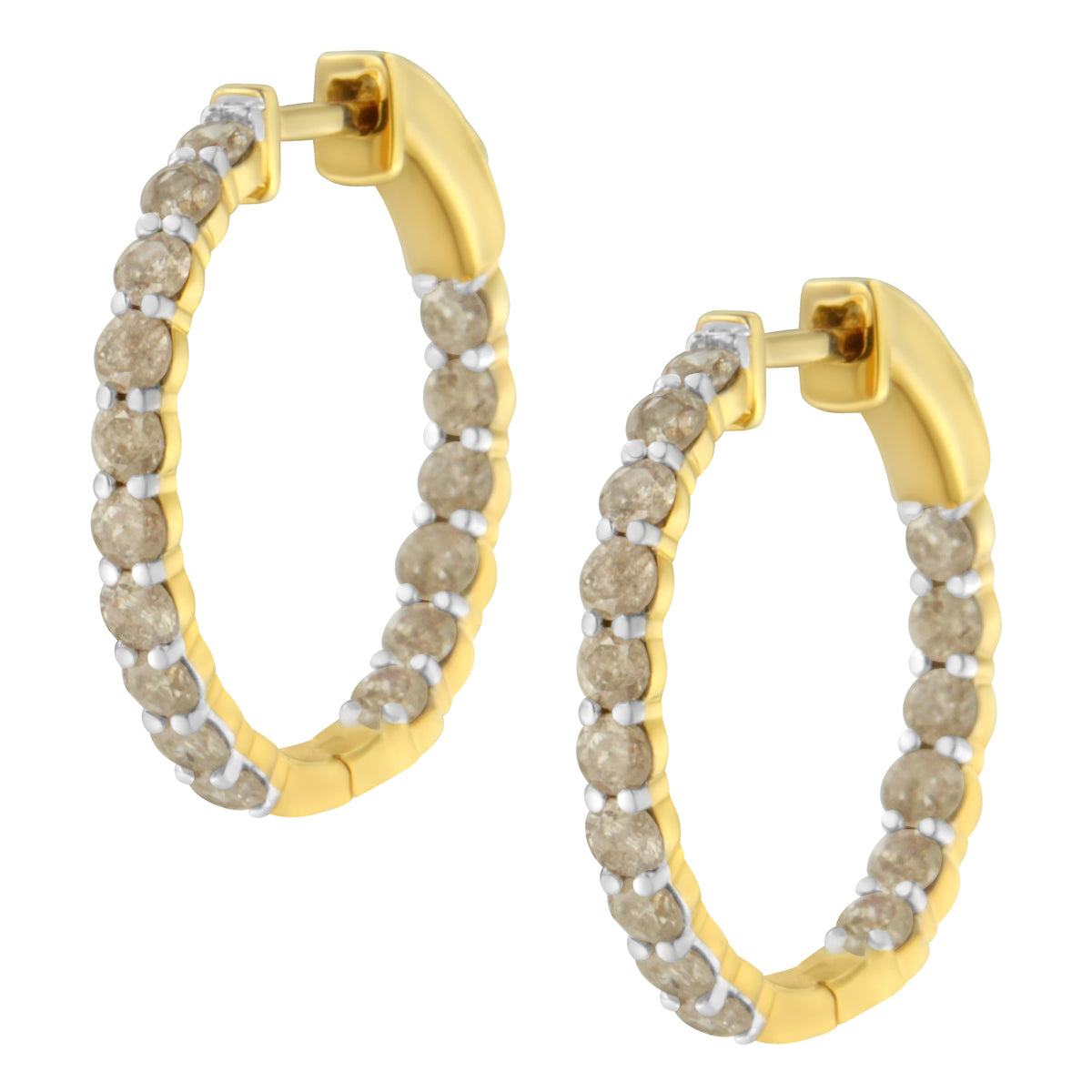 Pendientes de aro de diamantes de plata esterlina chapada en oro amarillo de 10K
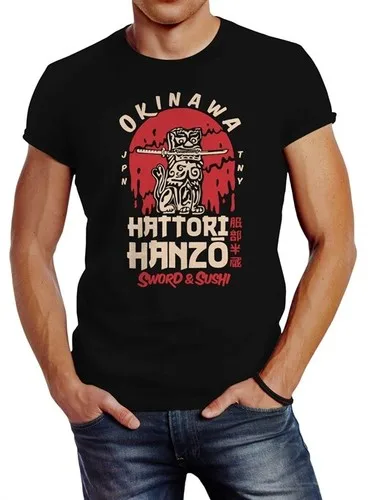 Camiseta Herren Hattori Hanzo Sword and Sushi Okinawa Japan Schriftzeichen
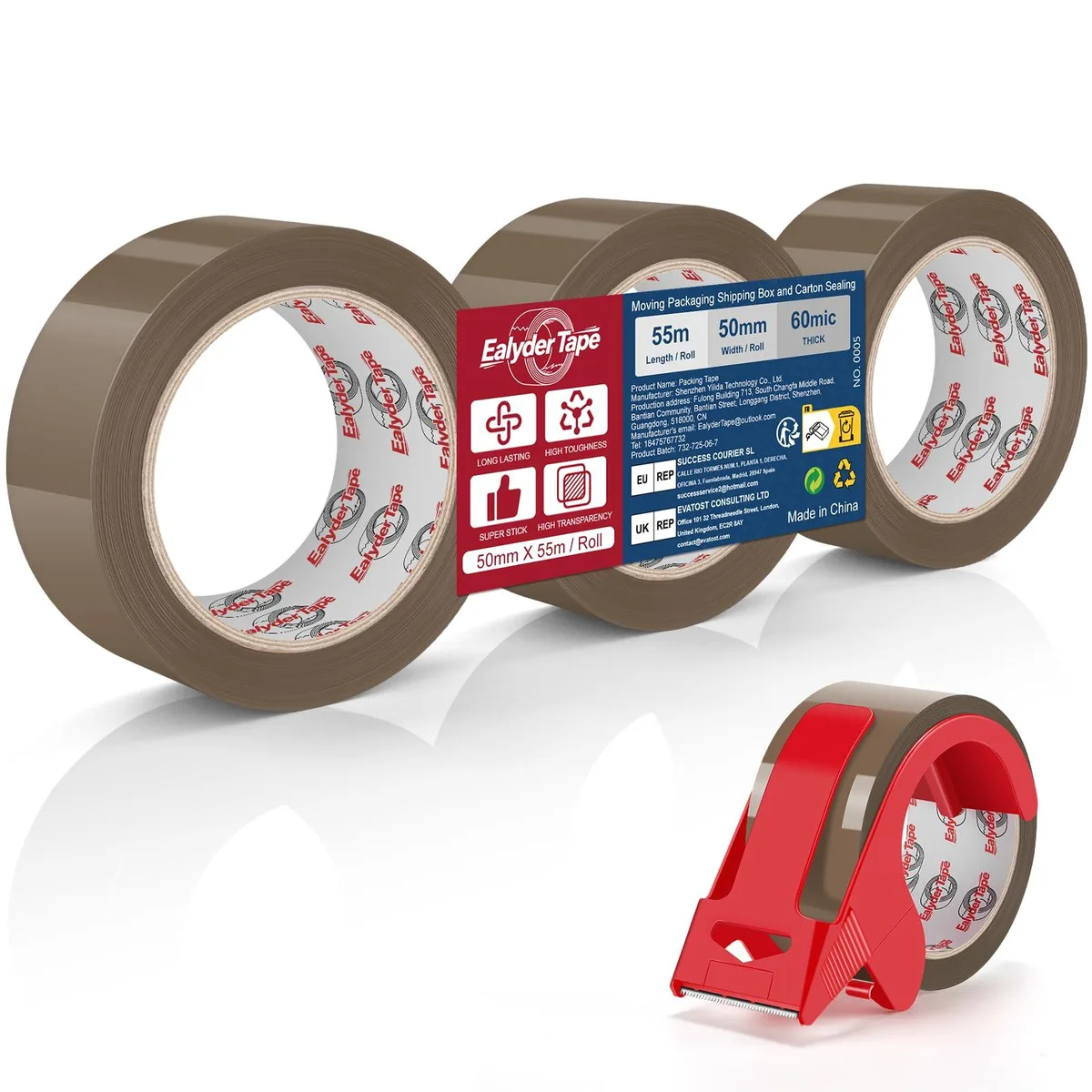 Three brown packing tape rolls with red dispenser cutter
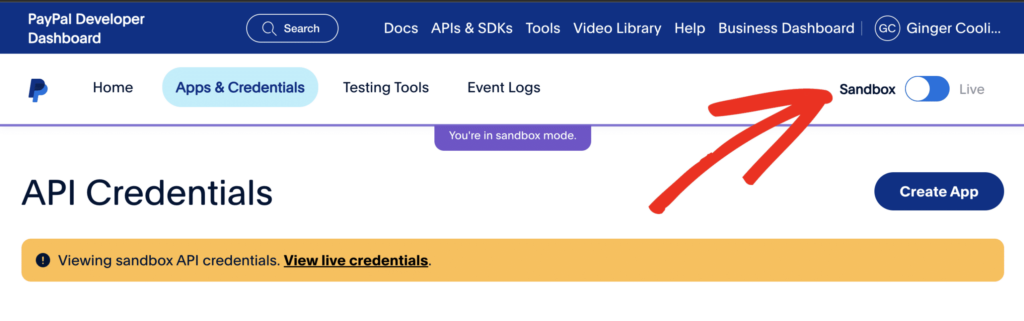 PayPal Developer page noting the Sandbox to Live toggle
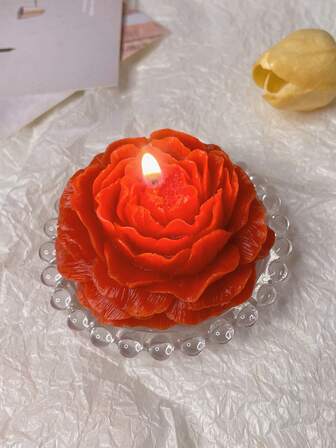 1 Box 1pc Peony Scented Candle, Flower Shaped Candle Home Decor Gift, Bedroom Incense Decoration, Romantic Smokeless Fragrant Soy Wax Handmade Birthday Gift Candle, Relaxing Deodorizing Candle Gift For Boyfriend/Girlfriend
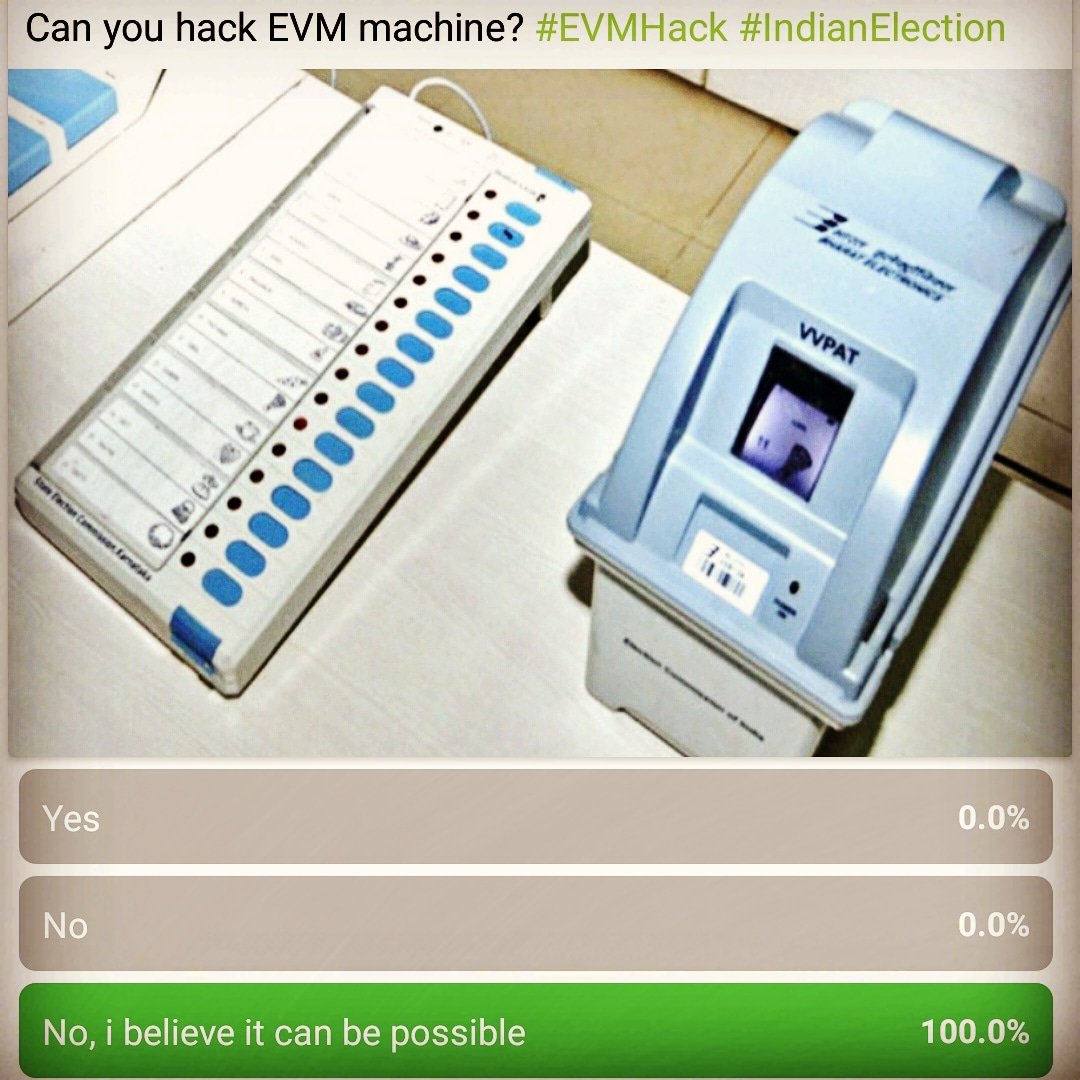 pollview's tweet photo. Can you hack EVM?
Install, Vote now
#pollviewapp #pollview #evm #indianelections #indianelections2019 #elections2019 #exitpoll2019 #EVMs #election2019 #indiaelection #evmmachine #electioncommission #electioncommissionofindia #electioncommision #EVMHacking https://t.co/3MSSmqJabx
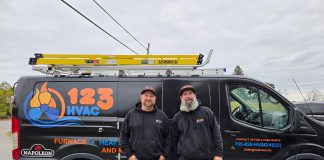 Heat pumps are installed and maintained by Heating Ventilation and Air Conditioning (HVAC) businesses like 123 HVAC, based in Selwyn Township and serving the broader Peterborough and Kawartha Lakes region. Owner Cory Rawn (left), pictured with business partner Mike Baker, dispels some common myths about heat pumps in advance of GreenUP's inaugural Heat Pump Week from October 13 to 16, 2026. (Photo courtesy of 123 HVAC)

Task instructions: Above are some records. Output exactly the lines from the one that contains "1 Box 1pc Peony" to the one that contains "Install, Vote now", keeping both, and omit the pictures.

Answer for the task:
 1 Box 1pc Peony Scented Candle, Flower Shaped Candle Home Decor Gift, Bedroom Incense Decoration, Romantic Smokeless Fragrant Soy Wax Handmade Birthday Gift Candle, Relaxing Deodorizing Candle Gift For Boyfriend/Girlfriend
 pollview's tweet photo. Can you hack EVM?
Install, Vote now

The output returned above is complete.